Her interest in thought and language seems almost psychological, and so this strength of hers, this focus on interiority, comes through the most when she writes about disordered thought—either nightmarish recurring thought-loop thoughts, high-strung anxious thoughts, or the confused thoughts of an aged, degenerating memory, which are all reflected in characters which appear throughout this collection. There is, perhaps, an element of psychoanalytical inspiration with this focus, a lot of sentences seem to string together subconscious word associations—it’s much more than a simple stream-of-consciousness as there is no feeling, visual or tactile, other than thought and the memories of feelings—it is because of this singular obsession that Lispector’s associations in her work either ‘hit’ or are (to me at least, a non-creative person) completely incomprehensible.
But when they hit, god. Because of her unique style, she has a way of cutting through right down to the core of the human experience, of our observation of the world, that every few pages there will be something written that you would put on typewriter paper and post it on social media. I called her one of the most quotable authors I’ve ever read. This isn’t an incidental quality but a clear consequence of the way she chooses to write about people and the world. In her associative musings you’ll read a sentence that seems to sum up an experience in a way so accurate that you’d wonder whether the thought had always been there in your head, just waiting to be expressed. And in these associative games there’s a playful quality: sometimes it feels you’re just along for the ride around her brilliant mind and, beyond everything, you can clearly tell that she’s having fun when she’s writing.
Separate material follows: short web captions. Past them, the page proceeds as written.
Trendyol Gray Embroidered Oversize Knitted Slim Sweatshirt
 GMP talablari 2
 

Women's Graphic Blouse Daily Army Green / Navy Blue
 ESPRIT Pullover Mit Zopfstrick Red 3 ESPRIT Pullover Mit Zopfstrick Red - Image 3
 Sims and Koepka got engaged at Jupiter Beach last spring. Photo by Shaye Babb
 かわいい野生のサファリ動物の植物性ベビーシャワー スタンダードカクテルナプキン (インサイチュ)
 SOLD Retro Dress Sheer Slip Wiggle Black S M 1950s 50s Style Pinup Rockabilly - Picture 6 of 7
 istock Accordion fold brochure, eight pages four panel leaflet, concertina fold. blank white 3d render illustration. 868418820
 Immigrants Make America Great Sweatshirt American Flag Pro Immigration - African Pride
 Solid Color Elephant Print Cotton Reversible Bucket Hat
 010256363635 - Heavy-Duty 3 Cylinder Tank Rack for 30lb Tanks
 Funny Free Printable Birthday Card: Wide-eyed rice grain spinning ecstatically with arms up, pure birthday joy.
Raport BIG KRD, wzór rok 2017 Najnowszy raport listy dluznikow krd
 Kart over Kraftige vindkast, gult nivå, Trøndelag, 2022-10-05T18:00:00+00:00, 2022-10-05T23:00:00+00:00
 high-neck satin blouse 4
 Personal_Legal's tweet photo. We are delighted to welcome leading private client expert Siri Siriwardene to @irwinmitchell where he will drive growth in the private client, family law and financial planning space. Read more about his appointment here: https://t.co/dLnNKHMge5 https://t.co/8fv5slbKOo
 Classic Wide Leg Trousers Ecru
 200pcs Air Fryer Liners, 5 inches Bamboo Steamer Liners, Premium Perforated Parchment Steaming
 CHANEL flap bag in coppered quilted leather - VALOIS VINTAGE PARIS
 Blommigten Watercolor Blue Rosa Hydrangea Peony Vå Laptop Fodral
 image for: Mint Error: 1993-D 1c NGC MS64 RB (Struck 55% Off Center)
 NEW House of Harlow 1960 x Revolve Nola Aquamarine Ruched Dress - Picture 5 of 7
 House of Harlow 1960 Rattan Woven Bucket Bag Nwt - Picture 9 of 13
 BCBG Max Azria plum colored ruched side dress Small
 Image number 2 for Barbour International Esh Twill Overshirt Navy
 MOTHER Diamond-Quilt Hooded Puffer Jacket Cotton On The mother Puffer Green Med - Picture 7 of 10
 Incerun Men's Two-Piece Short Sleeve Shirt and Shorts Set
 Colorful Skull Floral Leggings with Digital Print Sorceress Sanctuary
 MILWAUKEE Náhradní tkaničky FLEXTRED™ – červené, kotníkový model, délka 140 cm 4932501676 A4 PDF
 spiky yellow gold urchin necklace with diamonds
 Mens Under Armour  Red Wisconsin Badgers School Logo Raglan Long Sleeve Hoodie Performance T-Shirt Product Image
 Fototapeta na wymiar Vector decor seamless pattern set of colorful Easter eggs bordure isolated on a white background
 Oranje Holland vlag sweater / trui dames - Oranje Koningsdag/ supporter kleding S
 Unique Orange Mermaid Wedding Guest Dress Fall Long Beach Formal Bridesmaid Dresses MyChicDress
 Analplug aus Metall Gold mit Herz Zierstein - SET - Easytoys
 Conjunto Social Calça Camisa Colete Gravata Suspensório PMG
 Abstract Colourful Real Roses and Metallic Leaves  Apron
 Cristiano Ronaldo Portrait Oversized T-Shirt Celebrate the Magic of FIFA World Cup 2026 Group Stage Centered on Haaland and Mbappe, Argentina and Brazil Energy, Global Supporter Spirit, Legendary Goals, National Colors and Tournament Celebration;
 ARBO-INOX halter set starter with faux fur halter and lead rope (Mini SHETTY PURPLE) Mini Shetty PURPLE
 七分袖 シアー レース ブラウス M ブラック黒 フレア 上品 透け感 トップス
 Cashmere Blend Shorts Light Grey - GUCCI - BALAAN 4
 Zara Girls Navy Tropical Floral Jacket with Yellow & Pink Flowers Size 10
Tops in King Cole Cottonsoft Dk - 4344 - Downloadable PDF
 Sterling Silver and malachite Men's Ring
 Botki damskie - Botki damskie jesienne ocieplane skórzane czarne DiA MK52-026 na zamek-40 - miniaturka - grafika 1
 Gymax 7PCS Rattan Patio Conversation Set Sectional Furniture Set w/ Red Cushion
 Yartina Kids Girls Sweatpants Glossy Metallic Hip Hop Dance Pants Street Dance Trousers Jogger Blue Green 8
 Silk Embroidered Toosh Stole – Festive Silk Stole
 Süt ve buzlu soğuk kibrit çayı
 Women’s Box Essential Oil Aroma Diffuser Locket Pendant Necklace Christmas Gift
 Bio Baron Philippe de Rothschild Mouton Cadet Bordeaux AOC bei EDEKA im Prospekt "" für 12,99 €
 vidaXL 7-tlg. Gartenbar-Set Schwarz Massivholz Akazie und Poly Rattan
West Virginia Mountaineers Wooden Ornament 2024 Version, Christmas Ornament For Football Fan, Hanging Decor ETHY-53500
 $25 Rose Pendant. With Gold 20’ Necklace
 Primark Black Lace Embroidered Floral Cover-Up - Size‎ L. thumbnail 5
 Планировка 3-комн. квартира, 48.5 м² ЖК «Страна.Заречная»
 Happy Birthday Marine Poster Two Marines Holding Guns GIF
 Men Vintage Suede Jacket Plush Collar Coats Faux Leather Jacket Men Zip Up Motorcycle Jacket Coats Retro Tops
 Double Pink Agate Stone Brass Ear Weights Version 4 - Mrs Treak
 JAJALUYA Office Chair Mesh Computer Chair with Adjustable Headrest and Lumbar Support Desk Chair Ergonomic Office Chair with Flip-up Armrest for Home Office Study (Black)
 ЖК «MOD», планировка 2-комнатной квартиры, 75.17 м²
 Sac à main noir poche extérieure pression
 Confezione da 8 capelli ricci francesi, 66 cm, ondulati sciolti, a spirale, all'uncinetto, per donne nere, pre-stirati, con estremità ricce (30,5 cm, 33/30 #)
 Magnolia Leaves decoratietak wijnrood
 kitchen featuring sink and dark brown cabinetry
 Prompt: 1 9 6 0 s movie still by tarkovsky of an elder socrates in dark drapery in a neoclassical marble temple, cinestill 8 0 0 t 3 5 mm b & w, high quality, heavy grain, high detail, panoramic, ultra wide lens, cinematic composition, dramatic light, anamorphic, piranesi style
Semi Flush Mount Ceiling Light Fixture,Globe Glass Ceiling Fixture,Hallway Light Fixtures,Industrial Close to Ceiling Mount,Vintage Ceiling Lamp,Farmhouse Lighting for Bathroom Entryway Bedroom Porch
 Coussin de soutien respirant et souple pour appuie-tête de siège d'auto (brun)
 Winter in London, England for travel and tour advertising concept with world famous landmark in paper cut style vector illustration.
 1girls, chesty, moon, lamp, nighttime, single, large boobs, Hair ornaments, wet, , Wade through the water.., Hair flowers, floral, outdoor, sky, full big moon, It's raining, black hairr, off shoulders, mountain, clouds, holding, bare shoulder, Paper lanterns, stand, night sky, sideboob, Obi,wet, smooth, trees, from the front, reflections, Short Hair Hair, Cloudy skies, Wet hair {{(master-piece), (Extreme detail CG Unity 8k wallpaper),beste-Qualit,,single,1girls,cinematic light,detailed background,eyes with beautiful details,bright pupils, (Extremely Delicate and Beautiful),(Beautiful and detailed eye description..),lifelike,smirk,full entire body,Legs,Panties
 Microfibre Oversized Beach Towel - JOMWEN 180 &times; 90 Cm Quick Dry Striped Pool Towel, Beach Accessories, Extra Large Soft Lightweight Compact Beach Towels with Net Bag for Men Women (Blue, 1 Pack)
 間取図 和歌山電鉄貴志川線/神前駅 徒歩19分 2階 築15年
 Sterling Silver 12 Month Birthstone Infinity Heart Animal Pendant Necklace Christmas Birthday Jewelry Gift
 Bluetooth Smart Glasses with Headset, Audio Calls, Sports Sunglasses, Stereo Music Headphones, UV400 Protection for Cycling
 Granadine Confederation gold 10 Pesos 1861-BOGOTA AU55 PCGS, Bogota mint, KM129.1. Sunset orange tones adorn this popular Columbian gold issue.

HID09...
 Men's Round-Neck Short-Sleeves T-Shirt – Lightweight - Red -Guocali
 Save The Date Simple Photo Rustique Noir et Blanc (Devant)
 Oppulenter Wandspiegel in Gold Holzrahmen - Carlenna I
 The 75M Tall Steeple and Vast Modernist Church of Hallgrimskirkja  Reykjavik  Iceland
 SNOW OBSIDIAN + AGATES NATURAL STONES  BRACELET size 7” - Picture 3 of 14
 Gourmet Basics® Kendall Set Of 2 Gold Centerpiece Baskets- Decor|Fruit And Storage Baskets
Beyond just the style there are themes of love, grief, age, time, and fate. In one word, ‘purpose’, and in this aspect Lispector is not didactic in assigning a responsibility for people. In fact, it’s rather the opposite: Lispector celebrates life, whether that life is bounding towards opportunities or, having reflected on one’s past and future, whether life’s greatest pleasure is to just lie down, enjoy the bliss of monotony. The humanistic impulse reflects a semi-religious soul of her stories, which is mostly Christian in its treating every human as beings separated only by circumstance, but doesn’t commit deeply to the rigid Catholicism of Brazil. It’s an agnostic optimistic view of people, people (and animals) being loved for the sake of them Being—an optimistic view in a world that needs optimism.